Build the webhook Docker image

Clone https://github.com/Elfo404/grafana-hue-notifier and run docker build -t grafana-hue-notifier.

Webhook setup

Some of the Hue APIs require authentication. This involves pressing the big button on your Hue Bridge to generate a new user to use with the webhook.

The previously built image also contains a script to generate a user for you.

Press the Hue Bridge button and run docker run --net=host grafana-hue-notifier npm run setup.

The command will print to console the newly created user’s username and a list of light groups with their IDs. Here’s an example:

You can now run the webhook with PORT=3001 HUE_USERNAME=<username> HUE_GROUP_ID=<your-hue-group-id> docker run --net=host grafana-hue-notifier.

Notification channel setup

The first thing we need to do is to create a notification channel in Grafana that will send status updates to our webhook.

Pick whatever name you might want to assign to the channel, choose Webhook in the Type select, and set the URL on which the webhook will listen: http://localhost:3001/hue.

Data source and alert setup

As mentioned above, we are going to use TestData DB to keep things simple, but the webhook will work with any data source that supports alerting, so feel free to pick the one that better suits your needs.
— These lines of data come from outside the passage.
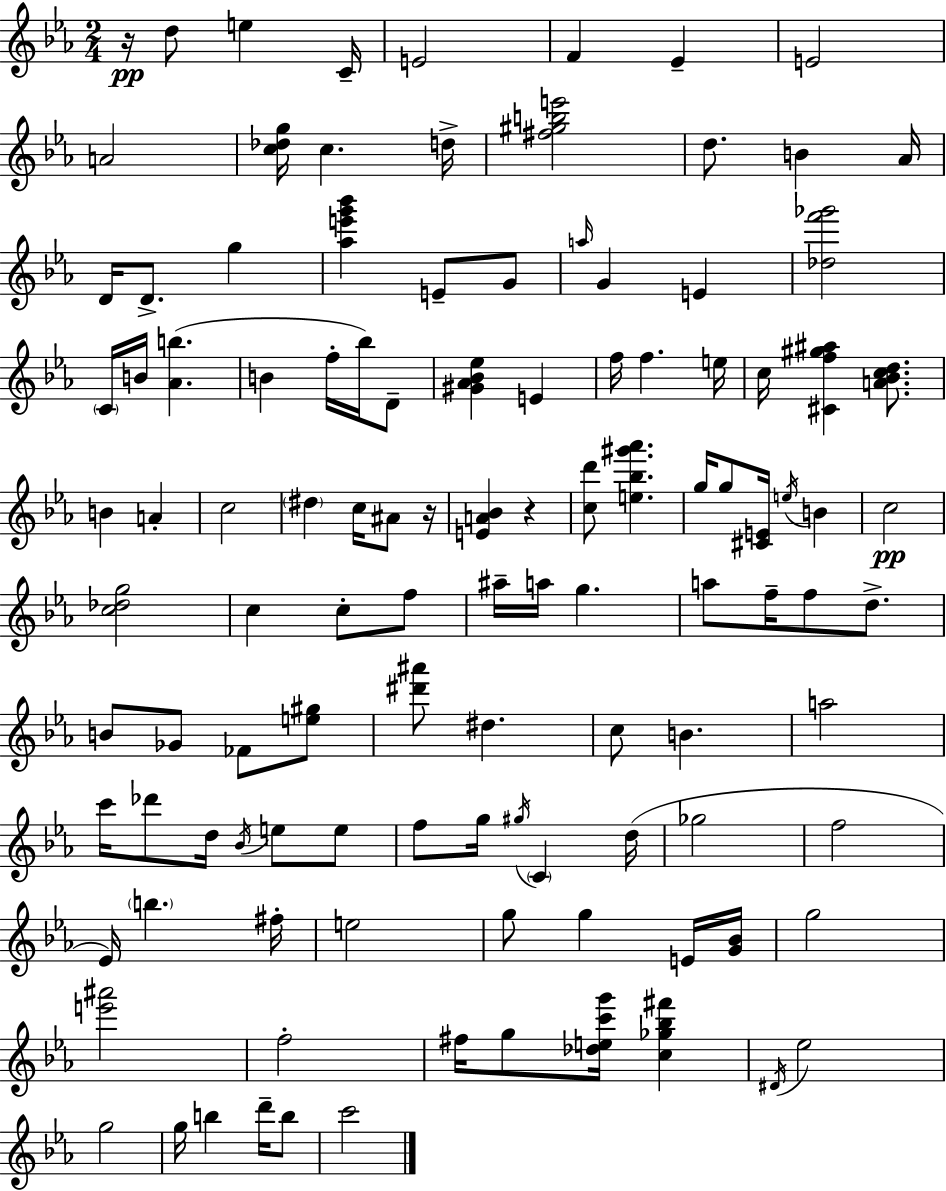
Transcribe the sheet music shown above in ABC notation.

X:1
T:Untitled
M:2/4
L:1/4
K:Cm
z/4 d/2 e C/4 E2 F _E E2 A2 [c_dg]/4 c d/4 [^f^gbe']2 d/2 B _A/4 D/4 D/2 g [_ae'g'_b'] E/2 G/2 a/4 G E [_df'_g']2 C/4 B/4 [_Ab] B f/4 _b/4 D/2 [^G_A_B_e] E f/4 f e/4 c/4 [^Cf^g^a] [A_Bcd]/2 B A c2 ^d c/4 ^A/2 z/4 [EA_B] z [cd']/2 [e_b^g'_a'] g/4 g/2 [^CE]/4 e/4 B c2 [c_dg]2 c c/2 f/2 ^a/4 a/4 g a/2 f/4 f/2 d/2 B/2 _G/2 _F/2 [e^g]/2 [^d'^a']/2 ^d c/2 B a2 c'/4 _d'/2 d/4 _B/4 e/2 e/2 f/2 g/4 ^g/4 C d/4 _g2 f2 _E/4 b ^f/4 e2 g/2 g E/4 [G_B]/4 g2 [e'^a']2 f2 ^f/4 g/2 [_dec'g']/4 [c_g_b^f'] ^D/4 _e2 g2 g/4 b d'/4 b/2 c'2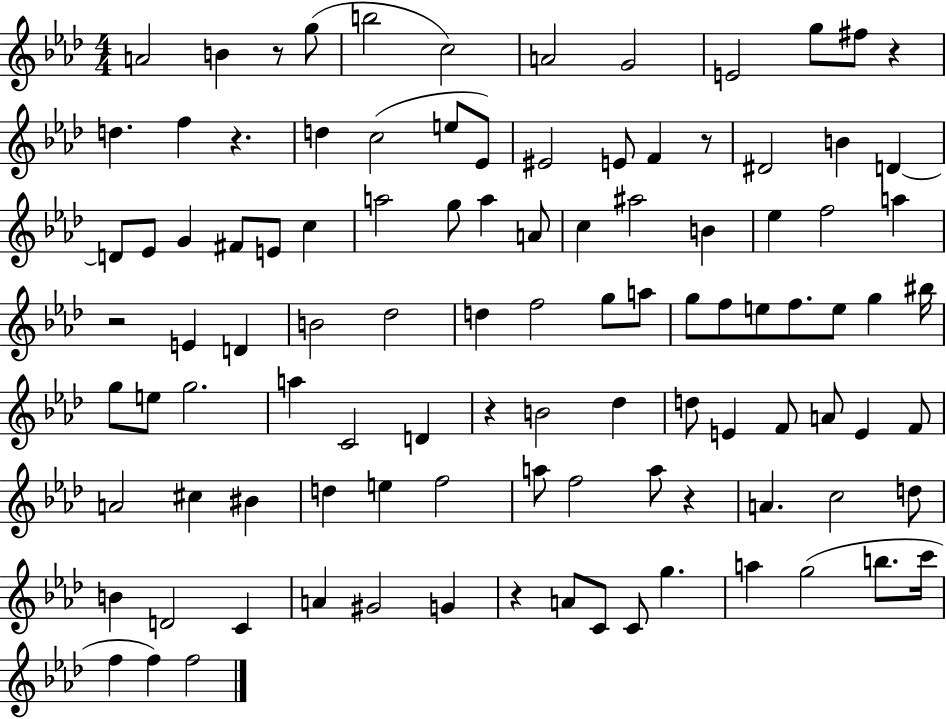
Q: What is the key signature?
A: AES major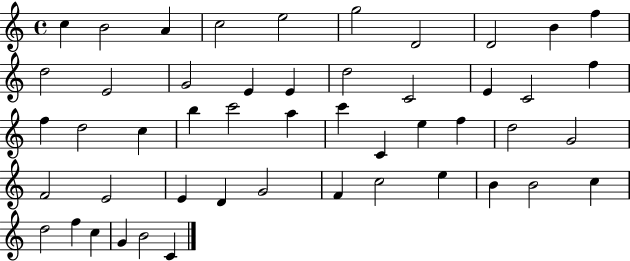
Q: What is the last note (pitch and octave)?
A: C4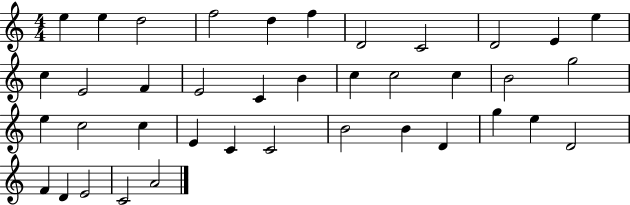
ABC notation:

X:1
T:Untitled
M:4/4
L:1/4
K:C
e e d2 f2 d f D2 C2 D2 E e c E2 F E2 C B c c2 c B2 g2 e c2 c E C C2 B2 B D g e D2 F D E2 C2 A2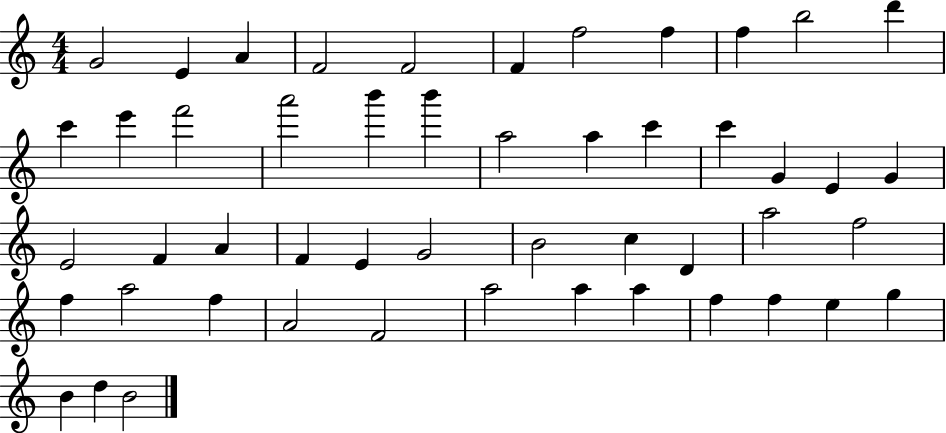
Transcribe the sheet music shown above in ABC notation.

X:1
T:Untitled
M:4/4
L:1/4
K:C
G2 E A F2 F2 F f2 f f b2 d' c' e' f'2 a'2 b' b' a2 a c' c' G E G E2 F A F E G2 B2 c D a2 f2 f a2 f A2 F2 a2 a a f f e g B d B2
Go to Configuration -> Data sources -> Add Data source, pick TestData DB, give it a name, and click Save.

Let’s now create a new panel in a dashboard and an alert using the notification channel that we created before. For this example, we are using a predictable pulse that changes state every 30 seconds:

For this demo, we’ll evaluate the alert rule every 5 seconds, and we’ll set For to 0s

This value indicates how long Grafana should keep evaluating the configured alert rule before sending a notification. By setting it to 0s, we skip the “pending” state.

🎉 Ta-daa!

We now should have everything running!

The alert rule we just created will evaluate every 5 seconds, and as soon as the alert goes in “alerting” state, Grafana will call our webhook and we should start seeing our lights turn on and change color to a bright red.

Note that the lights will only turn on if the notification state is “alerting,” as I’m ready to bet no one enjoys receiving a call at 3 a.m. saying “Hey! Everything’s fine here!”